Careers are fragile today and so is everyone’s attention span. With an estimated forty gigabytes of information being bounced off a person every day, one can only imagine the rate at which an average brain reaches its data saturation point. Forty five gigabytes does sound big, isn’t it? However, if one factors in the amount of meetings, phone calls, emails, text messages, video conferences, visit to social networking sites, chats etc that everyone indulges themselves with in their daily lives, it won’t look so irrationally humongous. Does it?
With an overload of information banging against the humble brain, it is eventually bound to filter out things which it finds unimportant or too long.
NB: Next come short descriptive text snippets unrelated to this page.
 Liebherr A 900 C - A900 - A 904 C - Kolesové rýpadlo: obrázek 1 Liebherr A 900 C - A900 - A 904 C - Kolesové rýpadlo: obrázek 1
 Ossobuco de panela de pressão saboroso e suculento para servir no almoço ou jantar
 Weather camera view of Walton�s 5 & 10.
Countless Hollywood movies have shown this phenomenon where rich and successful individuals resort to elevator pitches to make decisions. Time has come to a point where in every individual desires information only in the form of elevator pitches. And if one doesn’t soon learn to Keep It Short and Simple (KISS), a downward career spiral would be soon welcoming them with a slippery floor.
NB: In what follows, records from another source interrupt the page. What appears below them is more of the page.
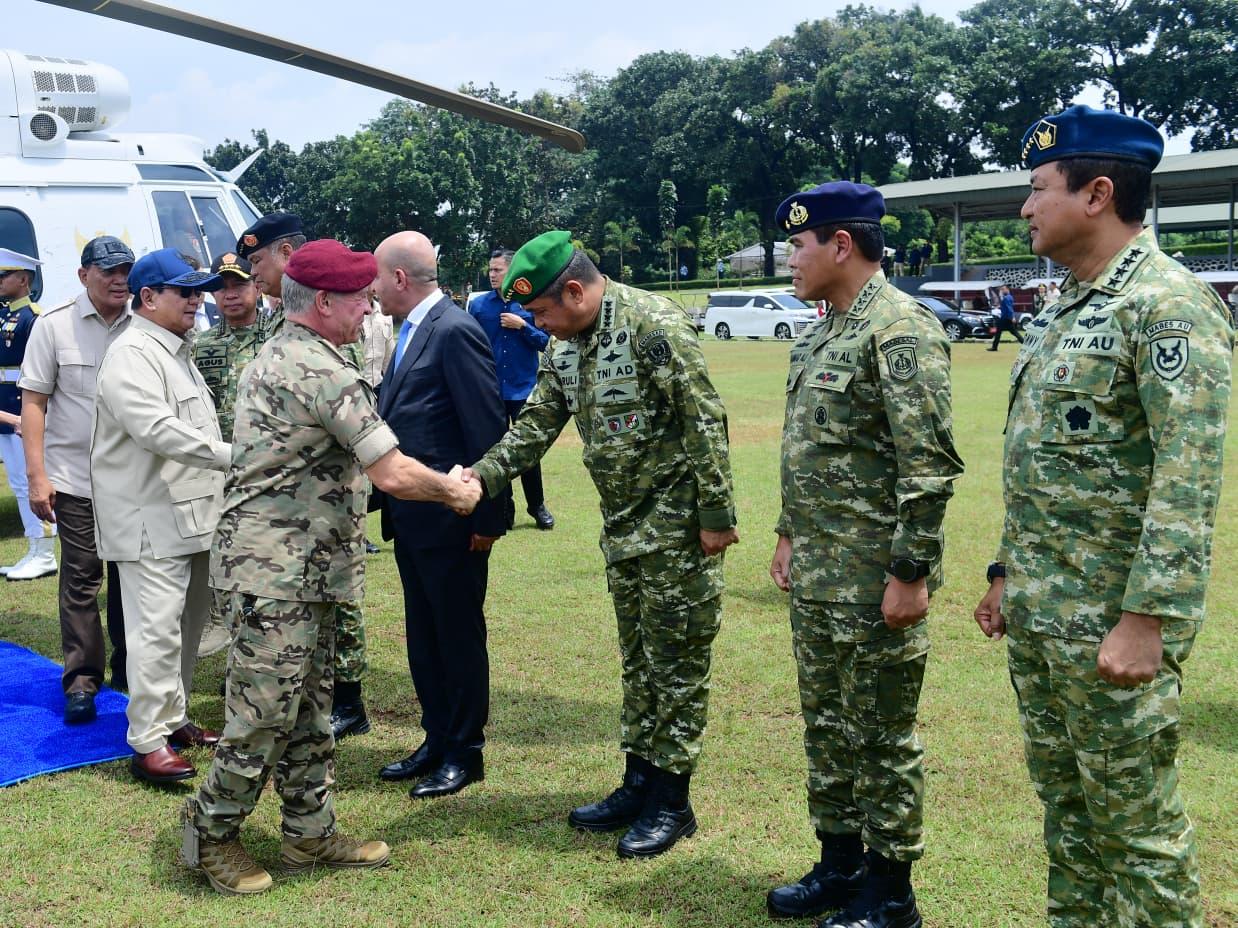 Prabowo-Raja Abdullah Saksikan Demonstrasi Drone 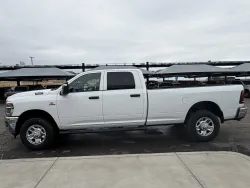 2026 RAM 3500 Tradesman | Thumbnail Photo 4 of 16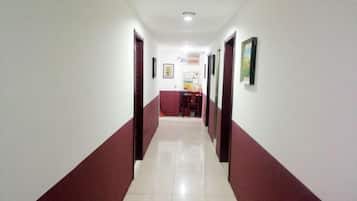 المنشأة من الداخل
Talking about this emerging component of a successful career is author Joseph McCormack who in his latest book, BRIEF: Make a Bigger Impact by Saying Less, states that in every situation one needs to learn to get to the point at the fastest rate possible. This criterion holds true in any and every activity that one undertakes in their working hours, including writing articles like this.
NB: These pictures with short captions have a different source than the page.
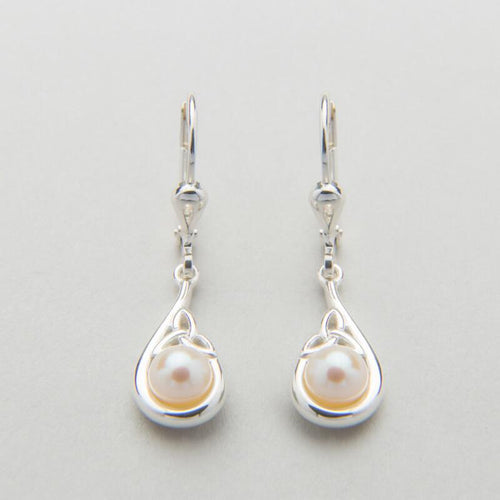 Trinity Knot Pearl Set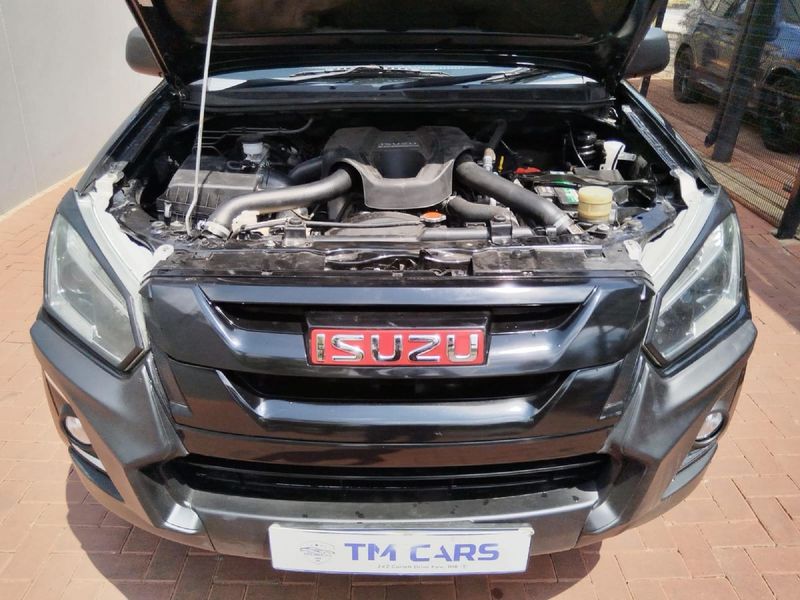 Used Isuzu KB 250 DTeq HO XRider DoubleCab for sale in Gauteng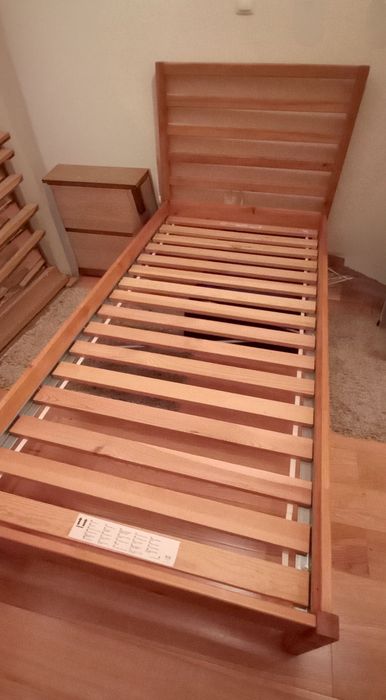Cama de Solteiro IKEA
As a live example, anyone reading this article would have wished that it would get to the KISS part at the earliest and meanwhile, would have received at least a dozen updates on Twitter, Facebook, Instagram, Crowdvoice along with some emails and chat messages. So it is not difficult to be attracted to the mysterious distractions of potentially far more interesting or important things that are hiding behind those updates.
Any unwanted disturbance during that period leaves the reader frustrated and angry at the source of the information no matter how good the intentions could have been.
Extrapolating the above scenario to a professional environment makes it easier to understand that not being able to provide brief information and quick solutions could potentially result in an unhappy and frustrated superior. This could ultimately lead to negative work feedback along with unwelcome responses, especially during appraisals.
So things like, going overboard with your explanations on a particular subject, being unable to communicate your point with clarity or being unprepared could just bring doom to anyone’s career progression within a short time span.
However, learning the perfect way to KISS is just a matter of practice and self belief, pun intended. One should first think carefully about the points that need to be communicated and then clearly classify the points that are important to be disclosed as against the points that add no value to the conversation. Then you need to understand the behavior of the recipient of the information to gauge how the information can be best transferred. Remember, that there is no one-way-fits-all to KISS and needs careful evaluation and quick evaluation over a short period of time. If it doesn’t still make sense, just go for it and learn from your mistakes before it’s too late.